Pour les textes aussi, après un album un peu plus «politique», Black and White America (paru en 2011), Lenny Kravitz revient aux fondamentaux en s'intéressant à «toutes les dynamiques» de l'amour. On passe, dit-il, «du désir au sexe, de la rupture au désespoir en passant par la dévotion ou l'amour incompris», au fil d'un album qui démarre avec l'explicite Sex.

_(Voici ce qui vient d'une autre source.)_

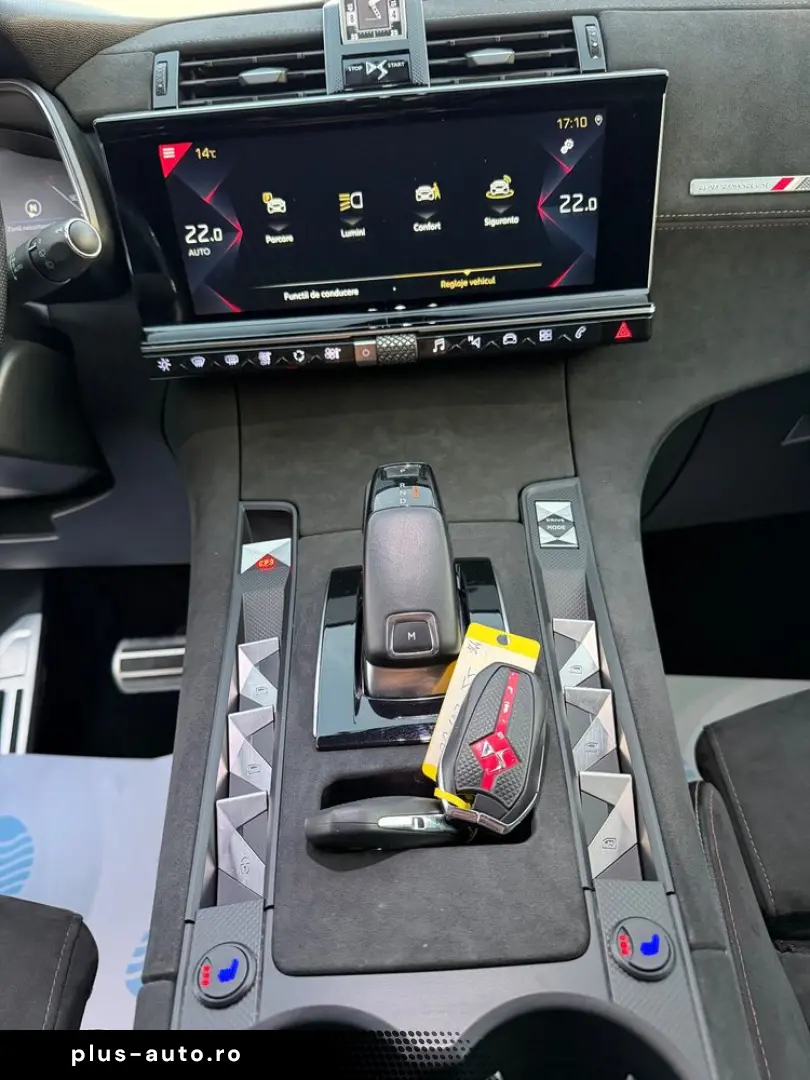 DS Automobiles DS 7 Crossback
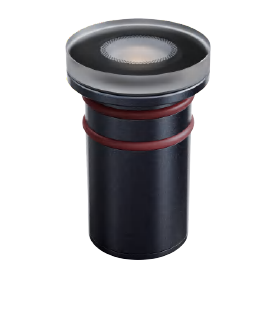 WB2042R Trimless inground light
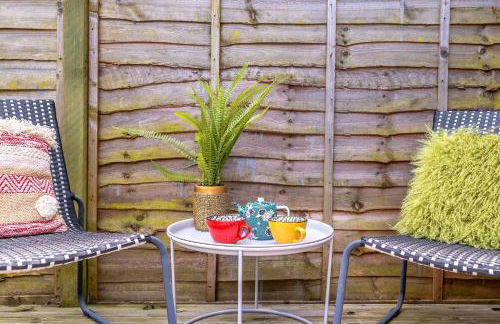 #01 Coleshill Townhouse Sleeps 6 NEC 7mins BHX - Foto 40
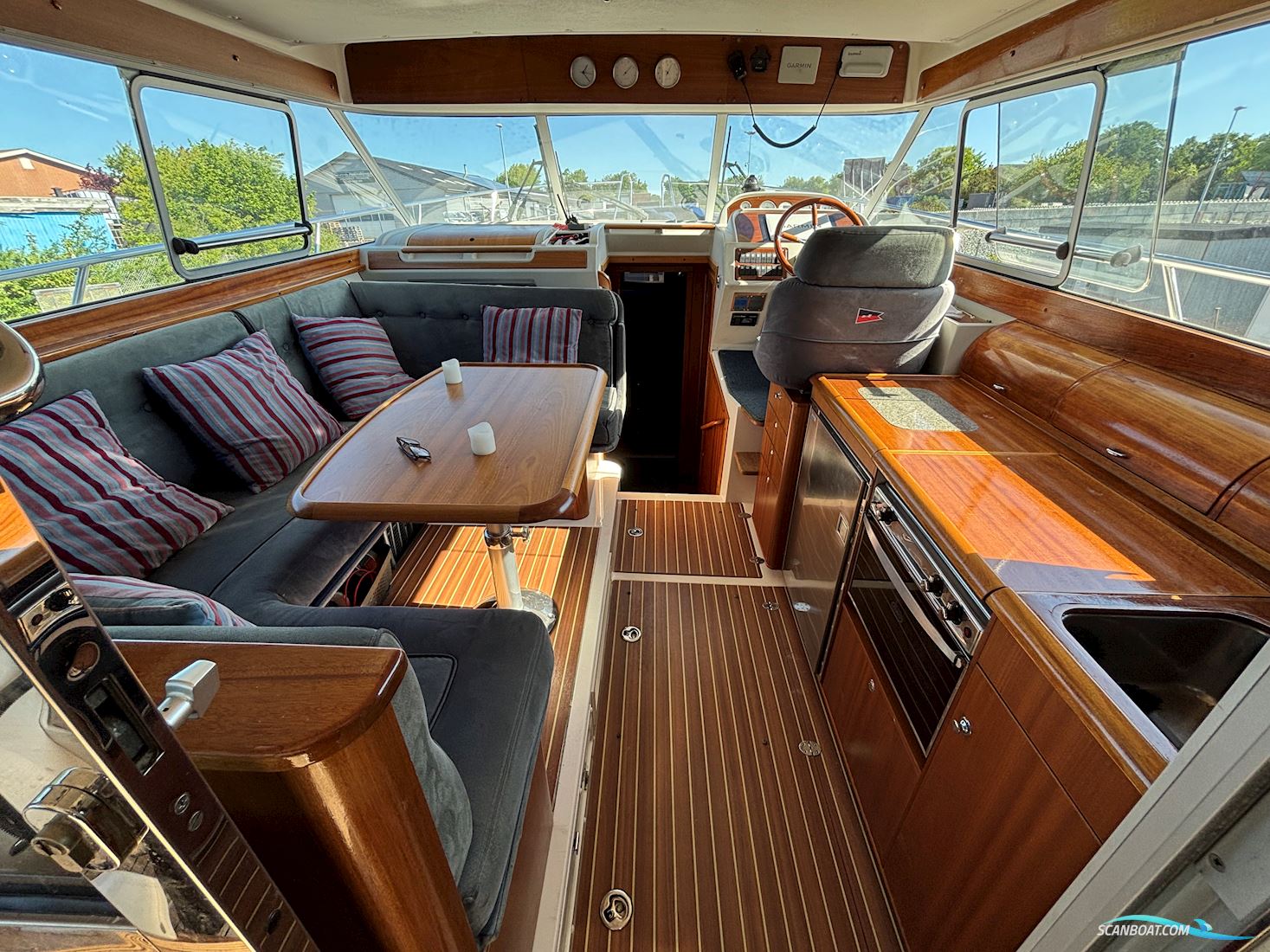 Nimbus 380 Carisma Flybridge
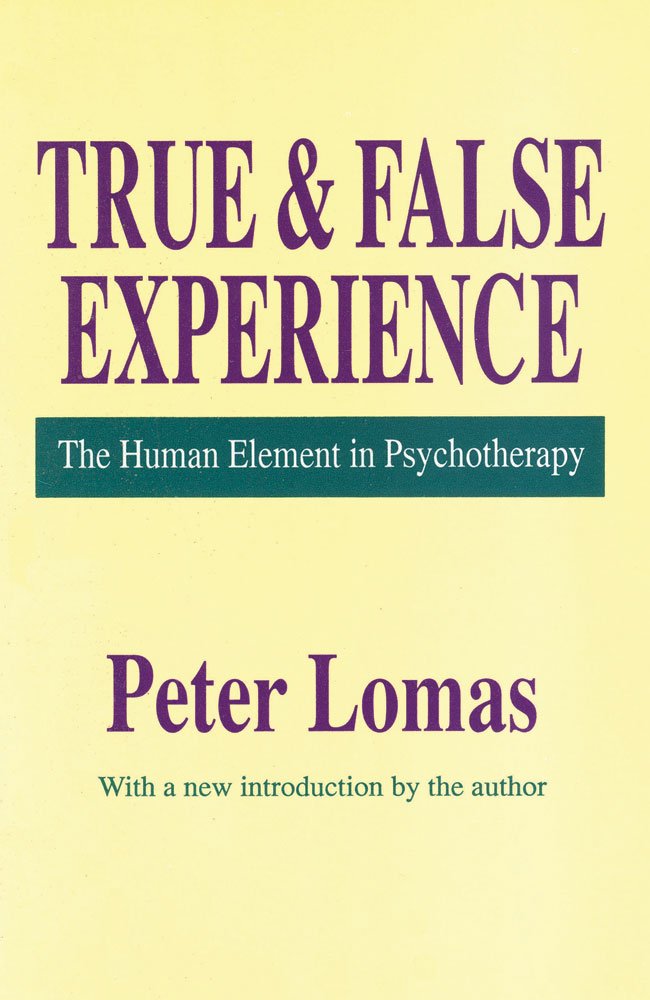 True and False Experience: Human Element in Psychotherapy Review
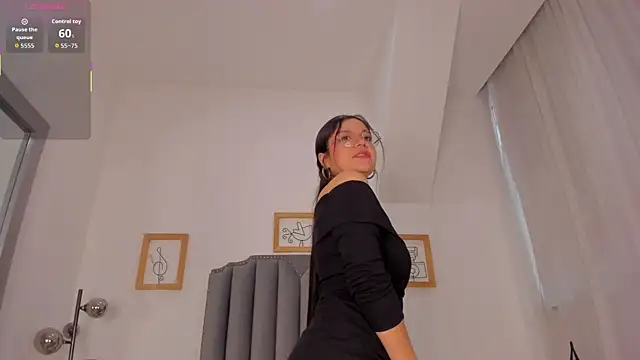 NebulaSin online show from 5, 10, 2025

Cet amour, c'est aussi celui du New-Yorkais d'origine pour sa ville, célébrée à travers l'efficace New York City décrite comme «la plus grande» de toutes les villes, qui «a vécu et est morte tant de fois».

Cela n'empêche pas le New-Yorkais de passer aussi du temps aujourd'hui aux Bahamas et à Paris où il est propriétaire depuis maintenant 9 ans. Paris, une ville «plutôt sexy et esthétiquement magnifique», selon celui qui est aussi désigner et décorateur d'intérieur. «Le plus drôle, c'est que quand je viens ici, je ne me sens plus comme un étranger, c'est juste comme si je rentrais à la maison.»